Clientes ocultos y logística encubierta
Otro de los puntos clave era la protección de los clientes. Muchos estaban vinculados a grandes plantaciones de marihuana. Para preservar su identidad, la organización utilizaba entregas indirectas, ocultaba las direcciones finales y utilizaba intermediarios para recibir la mercancía. Según la investigación, los responsables y trabajadores de la trama conocían plenamente el destino ilícito del material suministrado y participaban en la gestión de pedidos, la fijación de precios y la logística de distribución.

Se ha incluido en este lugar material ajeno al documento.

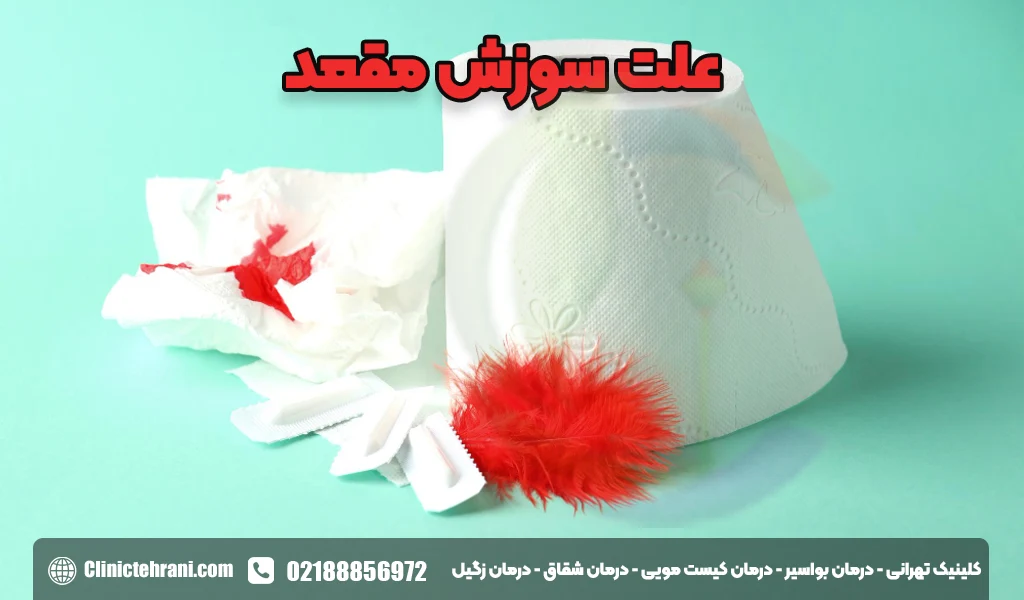 علت سوزش مقعد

El operativo se ha cerrado con trece entradas y registros: doce en el Campo de Tarragona —en Tarragona ciudad, Torredembarra, Salou y Perafort— y una en Peligros, en Granada. Los agentes. han intervenido 240.000 euros en efectivo, cuatro vehículos —dos furgonetas, un turismo y una motocicleta—, material tecnológico y abundante documentación de interés para la investigación, que seguirá por, ahora, ir también contra las personas que compraban el material para poder montar las plantaciones de marihuana.